Ordinary people and the crimes against humanity


 
 
Concept Explanation
 

Ordinary people and the crimes against humanity

Ordinary People And The Crimes Against Humanity: Many ordinary people felt hatred and anger when they saw someone who looked like a Jew. They marked the houses of Jews and often reported about suspicious neighbours.

They genuinely believed Nazism would bring prosperity and improve general well-being. However, other Germans organised active resistance to Nazism, suffering police repression and even death. But most Germans were passive onlookers and apathetic witnesses, as they were too scared to act, to differ or to protest.

But for the Jews, life was altogether different. Charlotte Beradt, an author, secretly recorded people’s dreams in her diary and later published them in a book called the Third Reich of Dreams. She said that Jews themselves began believing in the Nazi stereotypes about them. The stereotypical images publicised in the Nazi press haunted the Jews and they troubled even in their dreams. They died many deaths before they reached the gas chambers.

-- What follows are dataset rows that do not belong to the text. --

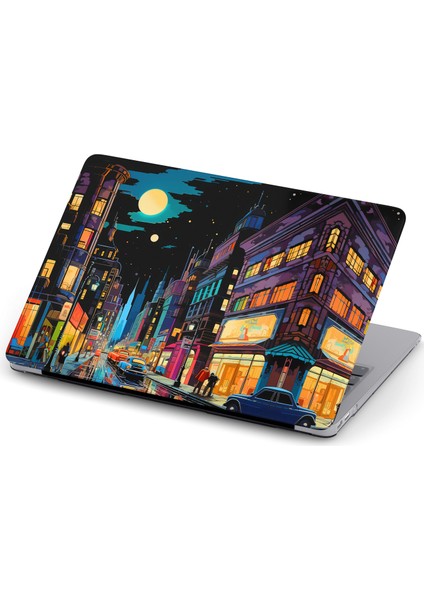 Macbook Air (M2-M3) Kılıf 15 Inç A3114-A2941 2023/2024 Kapak Tam Koruma Macpac-10 Newyork Sokaklarında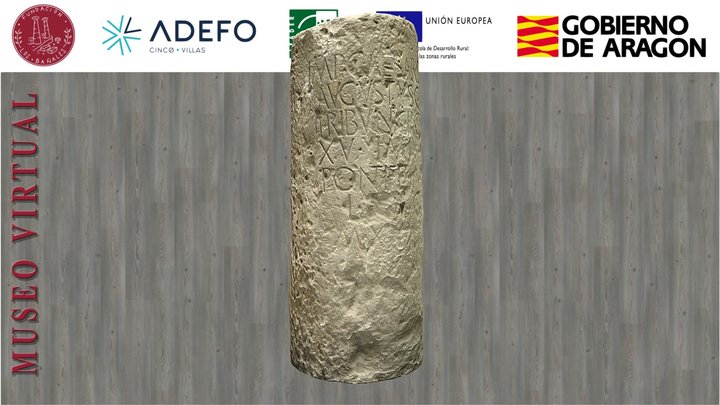 Miliario de Augusto (años 9-8 a. C.) 3D Model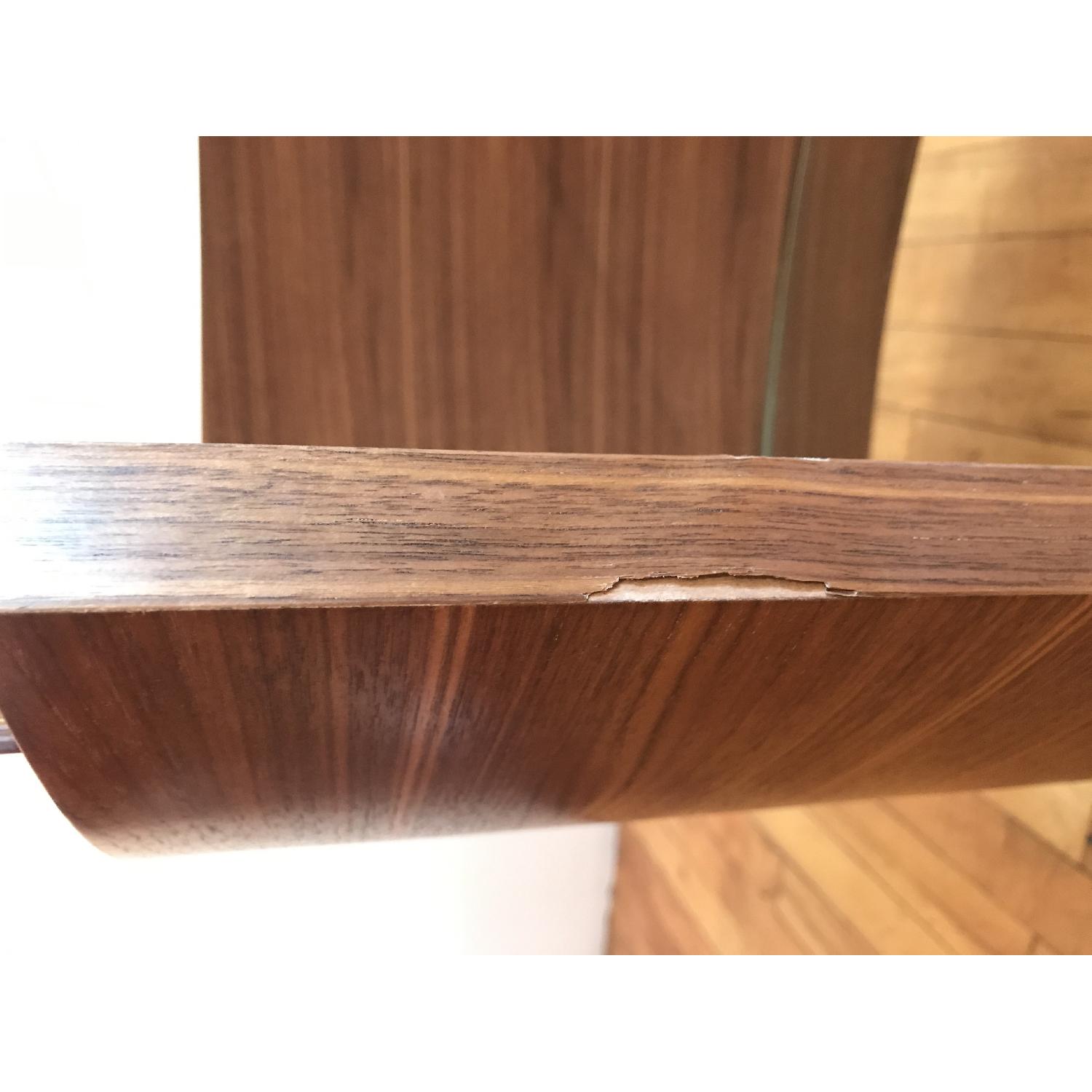 Glass & Wood Side Table - image-7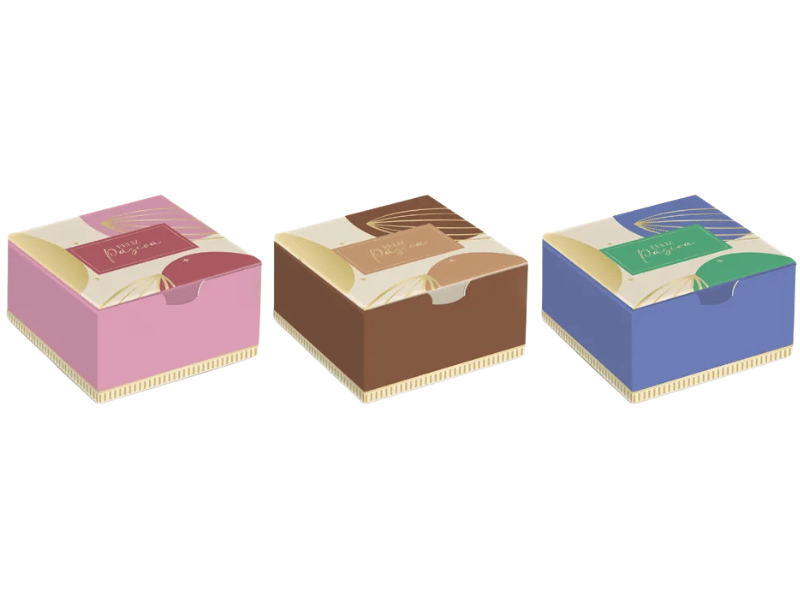 Caixa Divertida Páscoa para 4 Brigadeiros Duo 8,5x8,5x3,5 cm c/ 10 unidades - Cromus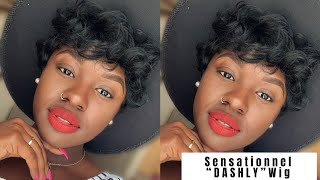 SENSATIONNEL DASHLY WIG REVIEW  SHORT amp SEXY WIG [upl. by Andree]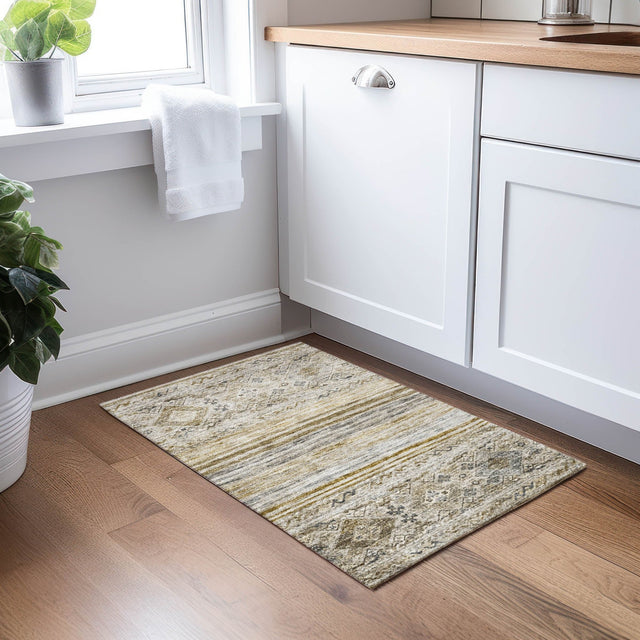 Dalyn Karaj KJ4 Brown Rug shown in a room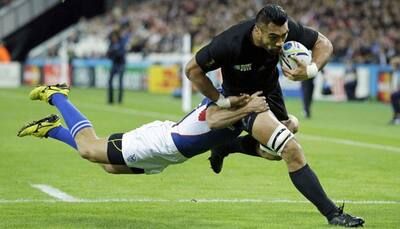 Rugby World Cup: Nine try All Blacks swamp Namibia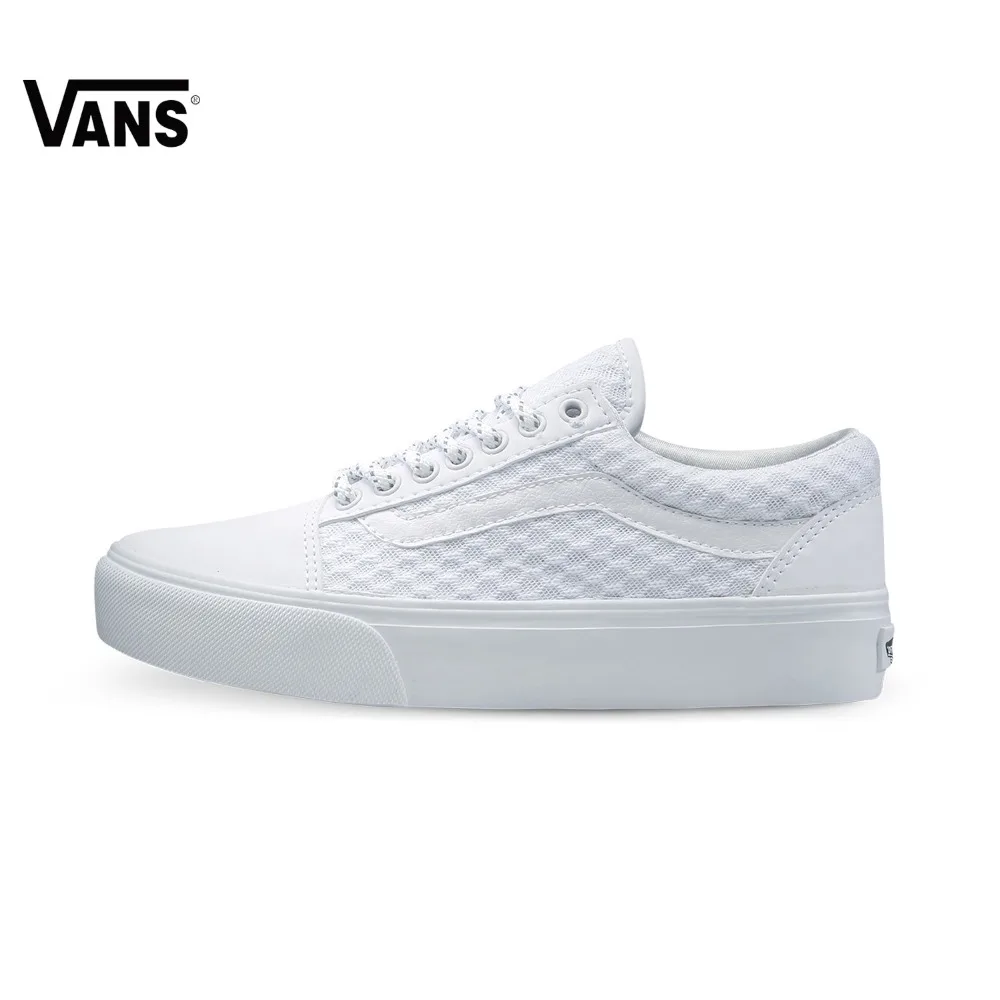 Original Vans New Arrival Low-Top Women's Skateboarding Shoes Sport Shoes Sneakers Comfortable Sport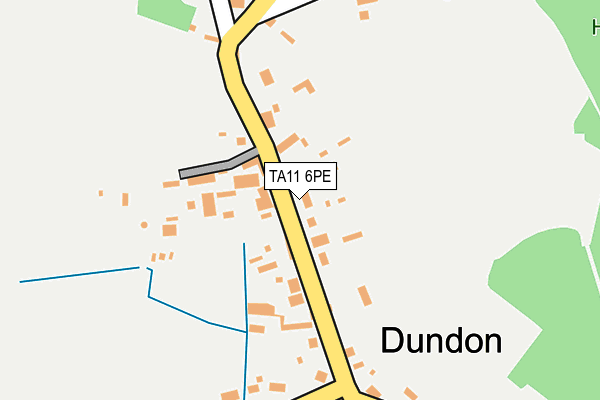 TA11 6PE map - OS OpenMap – Local (Ordnance Survey) TA11 6PE map - OS OpenMap – Local (Ordnance Survey)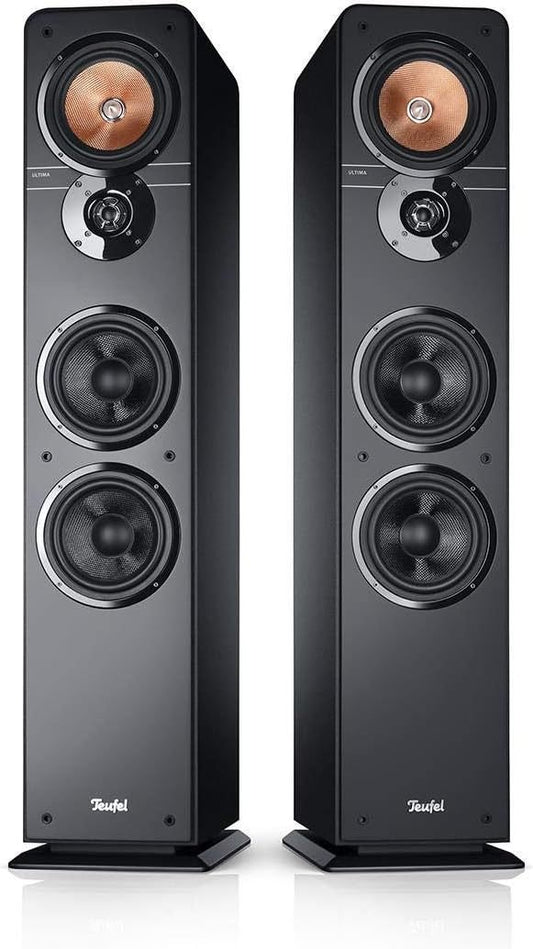 Teufel Ultima 40 Pareja de altavoces de columna estéreo – Negro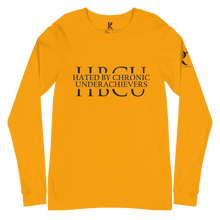 Load image into Gallery viewer, HATED BY CHRONIC UNDERACHIEVERS - Unisex Long Sleeve Tee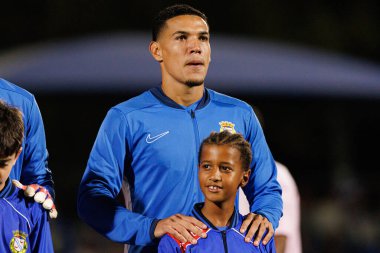 FC Alverca ve Gil Vicente FC (Maciej Rogowski / Ball Raw Images) takımları arasında Liga Portekiz maçında görülen Kaiky Naves)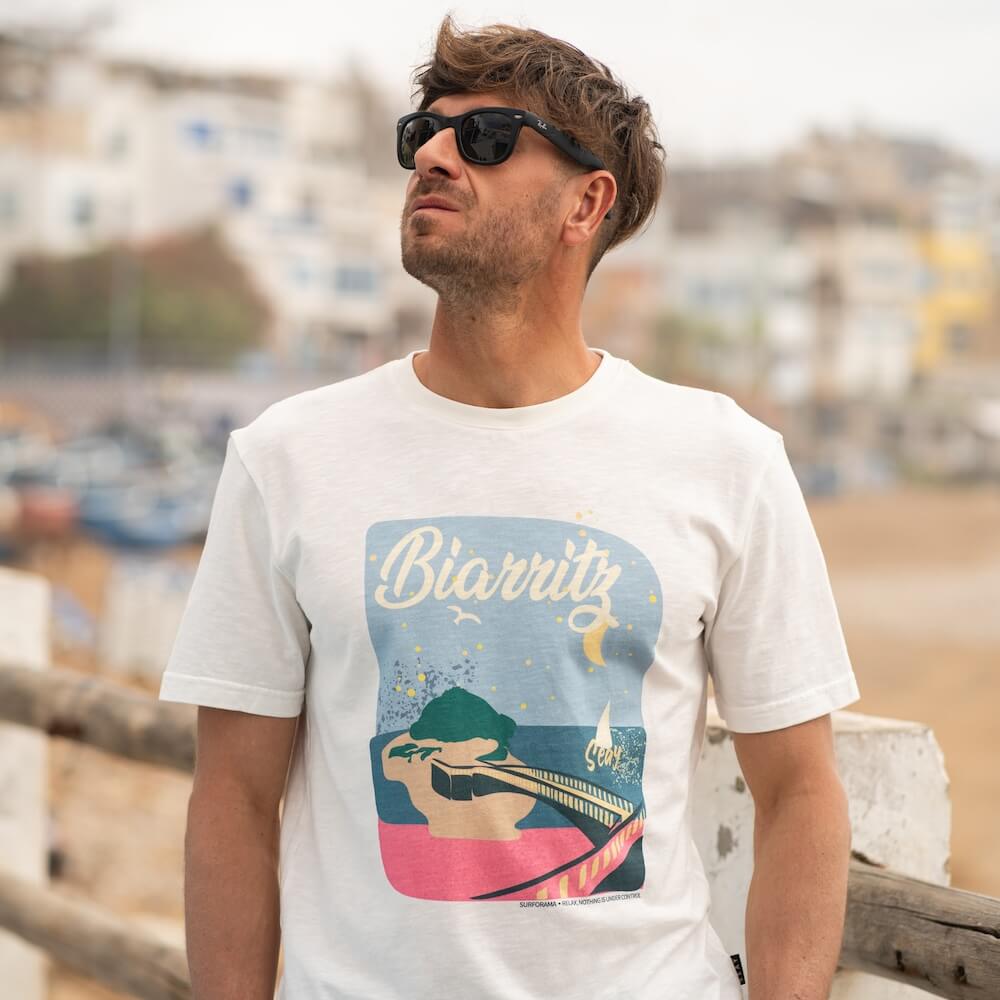 Seay / T-Shirt Bianca Biarritz Hotsell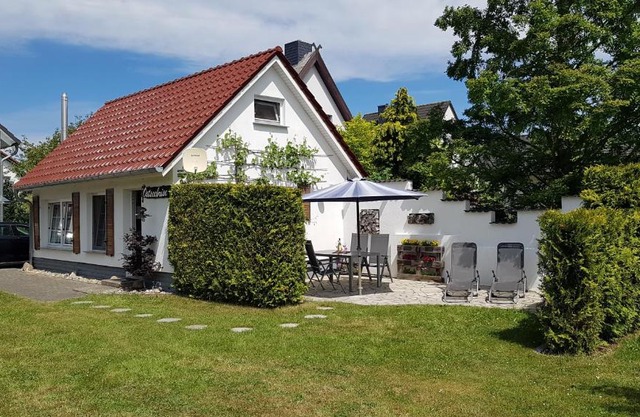 Ferienhaus Ostseebrise Usedom im Grünen familienfreundlich ruhig Parkplatz Terrasse Kamin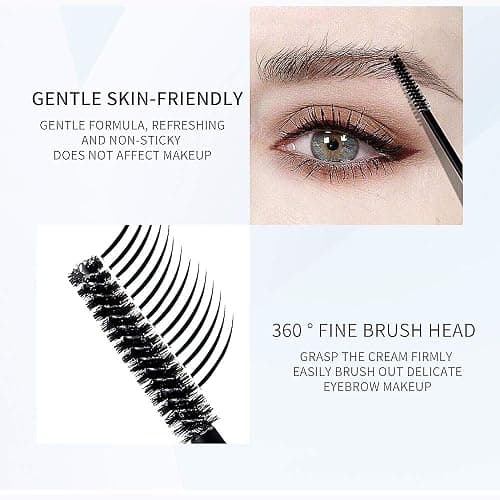 DAGEDA Clear Eyebrow Setting Gel, 2 Pack Brow Fix Gel, Waterproof And Sweat-Proof Eyebrow Repair Liquid Brows Styling Beauty Salon Home Use Makeup, 1.81oz thumbnail 3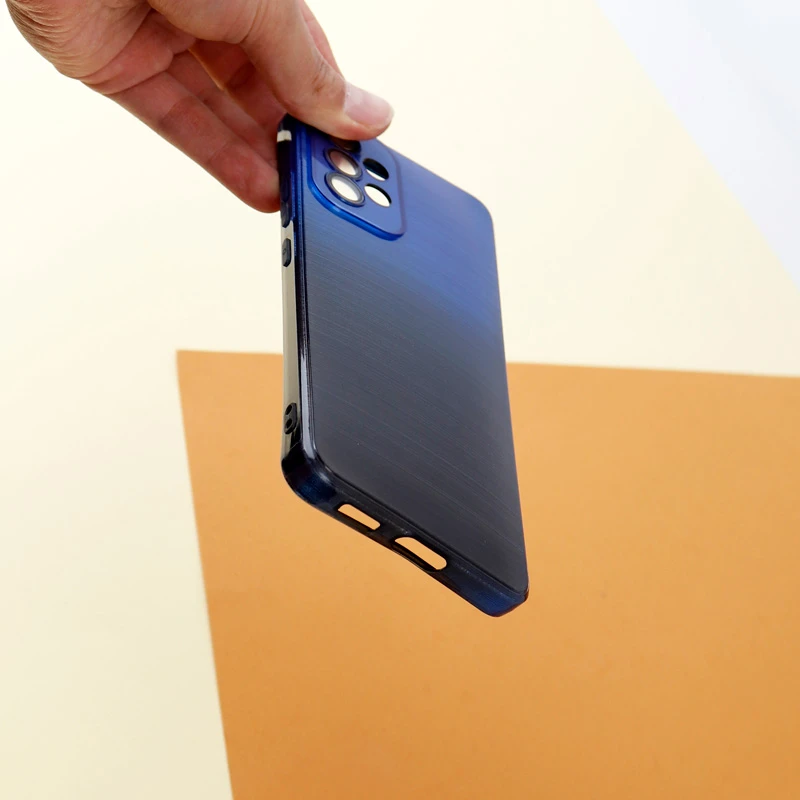 قاب PC براق محافظ لنزدار دو رنگ Samsung Galaxy A53 5G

Crime against humanity carried out by Nazis included the following:

  • They suspended civil rights like freedom of speech, press and assembly.
  • Hitler banned all political parties and trade unions except the Nazi party and its affiliates.
  • Special surveillance and security forces were created to control and order society in ways that the Nazi wanted.people could now be detained in gestapo torture camps.
  • Jew teachers and 'politically' unreliable teachers were dismissed from the schools.
  • Germany occupied Czechoslovakia and Poland . Captain civilians were forced to serve as slave labour.